Tra le storture del mercato vi è sicuramente quella di una pubblicità condotta con qualsiasi mezzo. Sempre più spesso è il corpo della donna e la sua strumentalizzazione a diventare l’amo per nuovi consumatori. Il tema, a ben vedere, non è solo commerciale. Le affissioni pubbliche riguardano per definizione tutti i destinatari, i cittadini. E veicolano quindi contenuti e messaggi espliciti o subliminali che hanno una potenziale carica diseducativa su tutte le fasce anagrafiche, soprattutto giovanili. È pertanto molto lodevole l’iniziativa del Difensore civico della Campania che ha posto nelle istituzioni il tema del contrasto alla mercificazione del corpo delle donne, chiedendo ai comuni di vigilare sulle affissioni e sui loro contenuti. Afferma Fortunato: «a tutte le amministrazioni locali verrà richiesto di collaborare affinché gli operatori di pubblicità non incitino ad atti di violenza sulle donne, tutelino la loro dignità e non rappresentino stereotipi di genere. Infine si auspica che le procedure amministrative siano sempre più tempestive e che si colmi, finalmente, la mancanza di una legge organica in materia così da impedire l’oggettivazione del corpo delle donne per finalità ed usi commerciali».

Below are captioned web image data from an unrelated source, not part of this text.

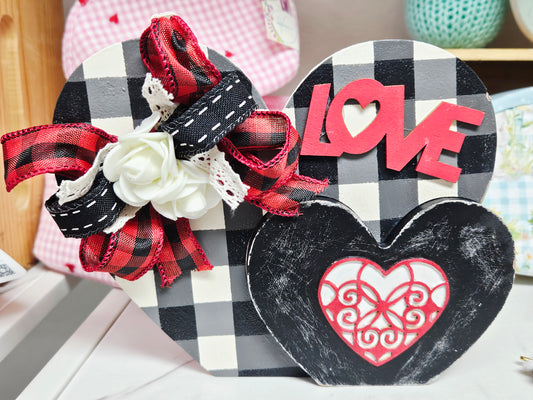 Double Heart Table Decor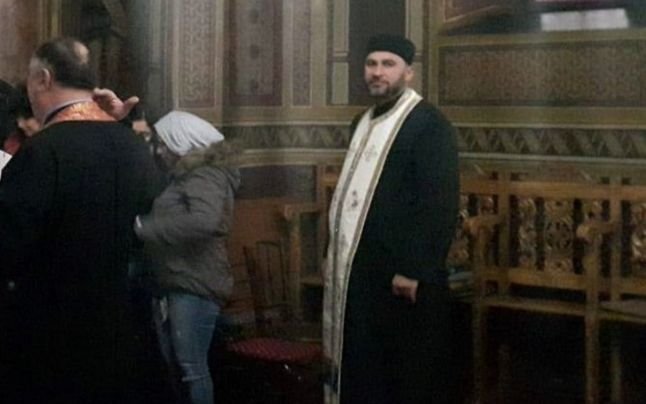 Preot reclamat de vecini că îi bombardează cu petarde şi afumă cu tămâie. Părintele a fost surprins pe camere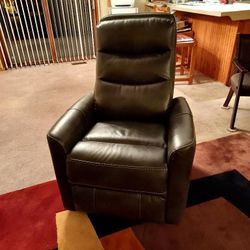 Leather Reclining Chair 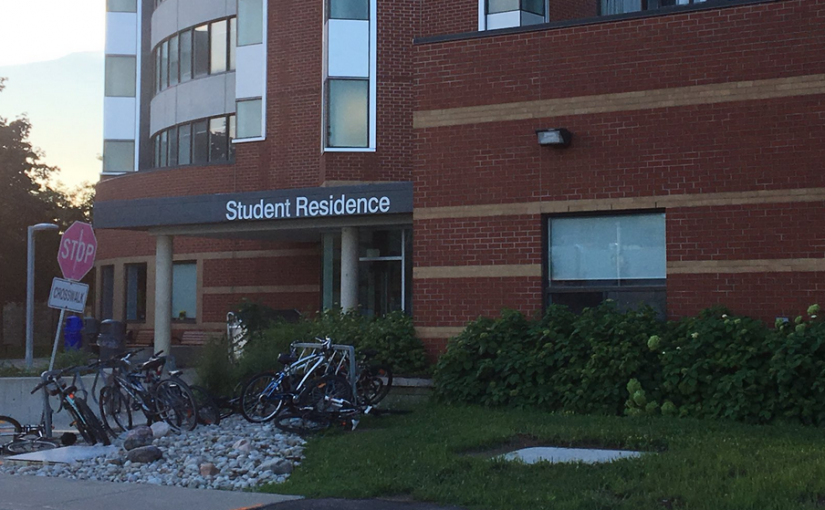 逾600難民今天將從大學宿舍搬出，移居酒店賓館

La battaglia è portata avanti anche dalla Commissione regionale delle pari opportunità, rappresentata dalla presidente Natalia Sanna, che ha annunciato la nascita di un comitato di vigilanza. Tutto nasce dalle segnalazioni dei cittadini su tre campagne pubblicitarie particolarmente lesive della dignità femminile.

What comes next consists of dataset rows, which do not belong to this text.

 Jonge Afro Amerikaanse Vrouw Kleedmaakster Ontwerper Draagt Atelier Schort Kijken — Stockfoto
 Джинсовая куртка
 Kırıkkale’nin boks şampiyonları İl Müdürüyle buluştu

Stavolta la questione, periodicamente trattata dai codici di autodisciplina, dall’opinione pubblica o dall’associazionismo, ha finalmente trovato un’attenzione istituzionale ed è posta direttamente sui tavoli dei decisori, che non possono rimanere indifferenti perché interpellati nella loro funzione di vigilanza. Del resto, la qualità della sfera pubblica dipende anche dai messaggi che la affollano. Tutto ciò che è demenziale o che solletica volgarità o atteggiamenti contrari alla dignità umana dovrebbe essere tenuto rigorosamente fuori dallo spazio comune. La stessa cosa vale per la musica. I testi delle canzoni più in voga tra i ragazzi sono spazzatura allo stato puro, distillati di messaggi lesivi della più elementare dignità delle persone. Ci facciamo caso quando scoppia un incidente, ma dovremmo avere la forza di intervenire con maggiore tempestività. Ne va dell’educazione dei nostri figli. Né si può reagire con un permissivismo refrattario a qualsiasi criterio. La censura non lede nessuna libertà, purché non si intenda la libertà come il fare e il dire ciò che si vuole senza curarsi degli effetti delle proprie azioni.